Start of STORED DATA

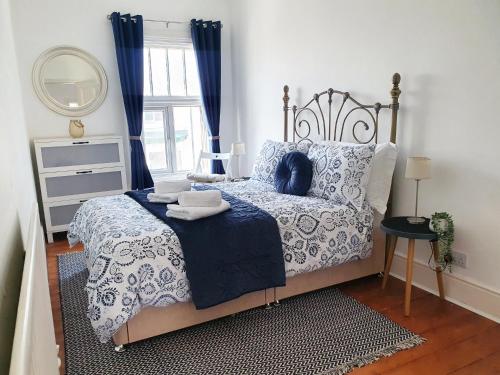 a bedroom with a bed with blue and white sheets and a window at Coastal escape in the heart of Saltburn in Saltburn-by-the-Sea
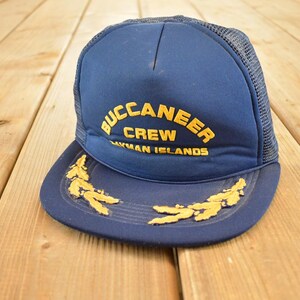 Puede incluir: Gorra de camionero azul marino con la parte trasera de malla. La parte delantera de la gorra presenta las palabras "BUCCANEER CREW CAYMAN ISLANDS" en letras doradas. Diseños dorados en forma de hojas están bordados en la visera.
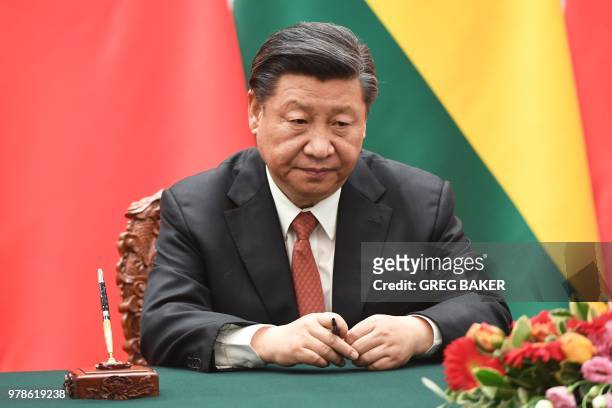 Chinese President Xi Jinping waits for his documents during a signing ceremony with Bolivia's President Evo Morales at the Great Hall of the People...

End of STORED DATA

• **PROBLEM DESCRIPTION**
Please write the material out again exactly as shown above, minus any pictures.

• **EXERCISE RESULT**
 a bedroom with a bed with blue and white sheets and a window at Coastal escape in the heart of Saltburn in Saltburn-by-the-Sea
 Puede incluir: Gorra de camionero azul marino con la parte trasera de malla. La parte delantera de la gorra presenta las palabras "BUCCANEER CREW CAYMAN ISLANDS" en letras doradas. Diseños dorados en forma de hojas están bordados en la visera.
 Chinese President Xi Jinping waits for his documents during a signing ceremony with Bolivia's President Evo Morales at the Great Hall of the People...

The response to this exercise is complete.